Recently, however, Maumalanga has noticed a spike in underprivileged kids wearing colored bandannas, greeting each other with gang signs and handshakes or even marking their wrists with cigarette burns as they hang out by Kuhio Park Terrace, Mayor Wright Housing and Kalihi Valley Homes.
"A lot of these kids have a lot of issues, ranging from peer pressure to violence to anger. They feel inferior because they are poor," he said. "There's a crisis out there ready to blow up."
EDUCATION officials also say the key to reduce violence and gangs at schools is to have more support services aimed at preventing students from ending up among the more than 200 incarcerated teens attending Olomana School in Kailua this year. Enrollment at the only school of its kind in the state is expected to grow by the spring semester, said Principal August Suehiro.
"It's up to the schools to never give up on the kids," he said.
Each year, public schools offer alternative classes to some 3,000 students dealing with low attendance, course failures, disciplinary referrals, arrests or hardships created by pregnancy, said Russell Yamauchi, an educational specialist from the student support section.
The programs are part of the department's Comprehensive Student Support System, which ranges from basic tutoring to one-on-one psychological treatment, said Daniel Hamada, who is with the Office of Curriculum, Instruction and Student Support.
"It's not the kids' fault, but they just need focused, sustained support," Hamada said. "Will it work out all the time? We can't guarantee that. But we know that kids have a ... safe haven or person to come to."
Meanwhile, to keep campuses safe, education officials are revamping the student misconduct code and pushing for controversial laws to allow drug-sniffing dogs inside schools and let administrators search students' lockers without reason or cause.
The new guidelines are among proposed changes to the so-called Chapter 19, which has been untouched since 2001.
For example, a new clause being added to rules would make any student who supports a fight, either by cheering or forming a circle around it, guilty of participating in it. Another section would allow for penalties against a student to "be carried over to the next school year" even if the offense happened in the last days of the spring semester.

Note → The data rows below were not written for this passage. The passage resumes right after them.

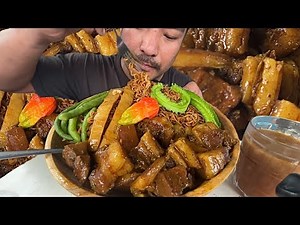 Delicious fatty pork with noodles and veggies || kents vlog.
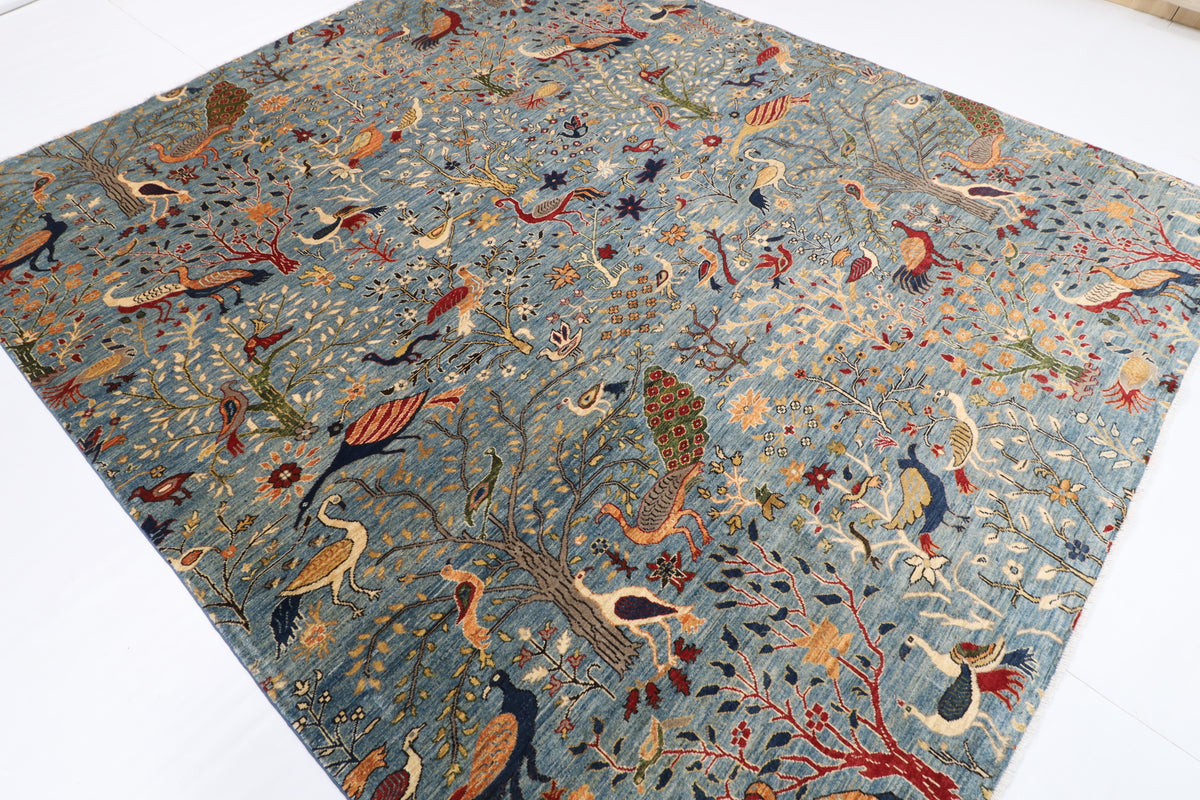 253 x 296 cm | Birds Design Hand Knotted Wool Afghan Carpet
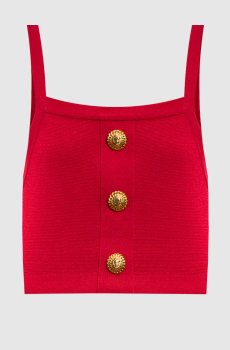 Красный топ с брендовыми заклепками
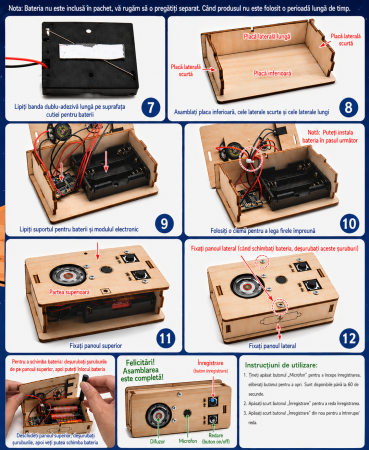Kit DIY reportofon din lemn, inregistrare si redare sunet, alimentare 3x AA, model educativ [5]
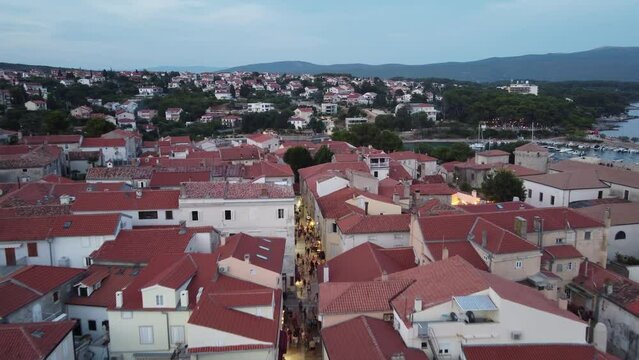 Krk, Croatia Old Town Aerial in Summer
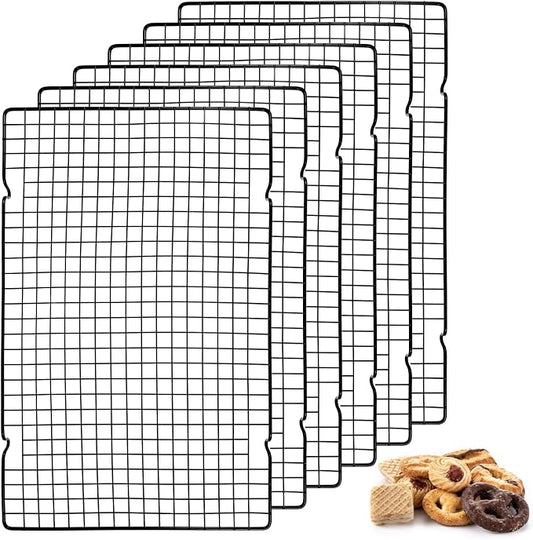 6Pcs 16x10 Inch Cooling Racks, Stainless Steel Baking Rack with Handle, Wire Rack & Cookie Cooling Rack for Roasting, Grilling, Drying Oven and Dishwasher Safe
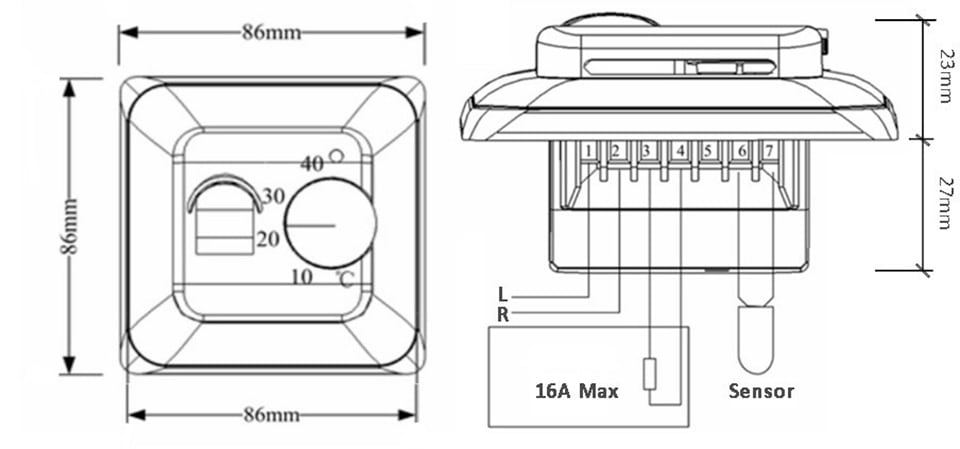 PEROBE Raumthermostat »Temperaturregler analog«, mit Bodenfühler für elektrische Fußbodenheizungen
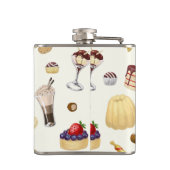 Das süße Muster mit verschiedenen Desserts. Flachmann (Rückseite)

And for the first time, "gang paraphernalia" is listed as contraband, said returning school board member John Penebacker, who introduced Chapter 19 in the early '80s to give administrators a consistent set of rules to punish misbehaving students.
"I made sure there was some special attention given to the issue of gangs and fights," said Penebacker, who was re-elected last year on a platform of school safety. "I felt there was a need to send a strong message to kids who were not good citizens: that if they were going to be disruptive, that we will act accordingly."